#### Dataset section:
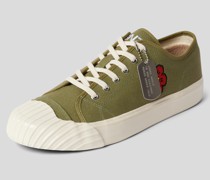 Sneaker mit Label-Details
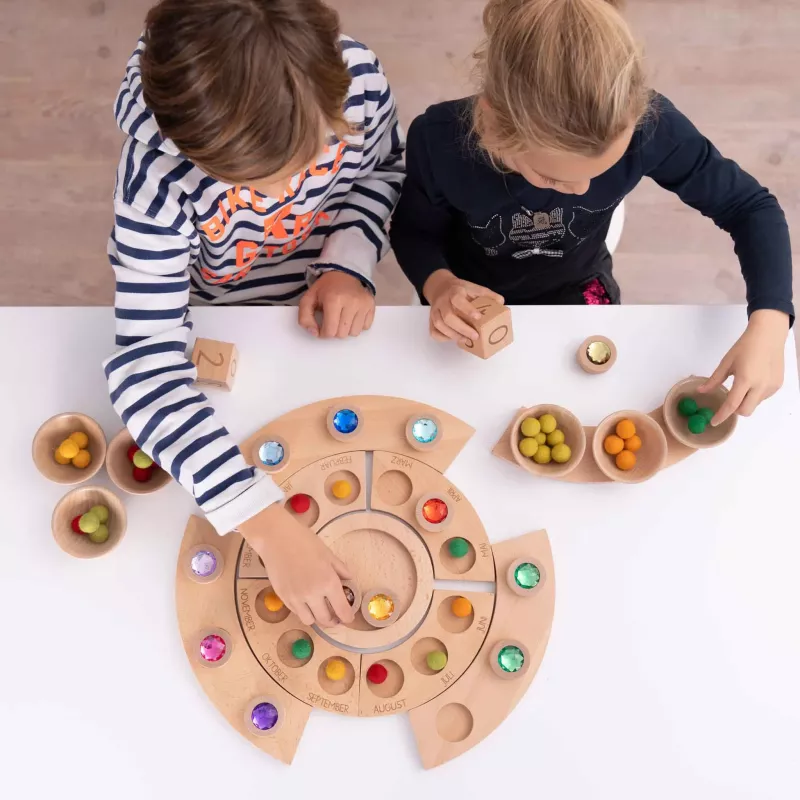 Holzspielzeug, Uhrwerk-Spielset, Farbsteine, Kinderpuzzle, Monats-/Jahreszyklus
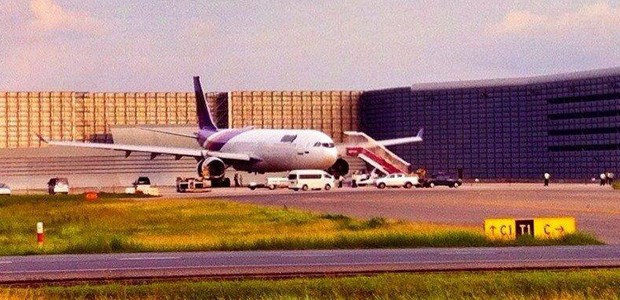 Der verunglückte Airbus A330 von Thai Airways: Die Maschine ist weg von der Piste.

#### How to complete this task:
Output the listing above exactly, pictures omitted.

#### Response to the exercise:
 Sneaker mit Label-Details
 Holzspielzeug, Uhrwerk-Spielset, Farbsteine, Kinderpuzzle, Monats-/Jahreszyklus
 Der verunglückte Airbus A330 von Thai Airways: Die Maschine ist weg von der Piste.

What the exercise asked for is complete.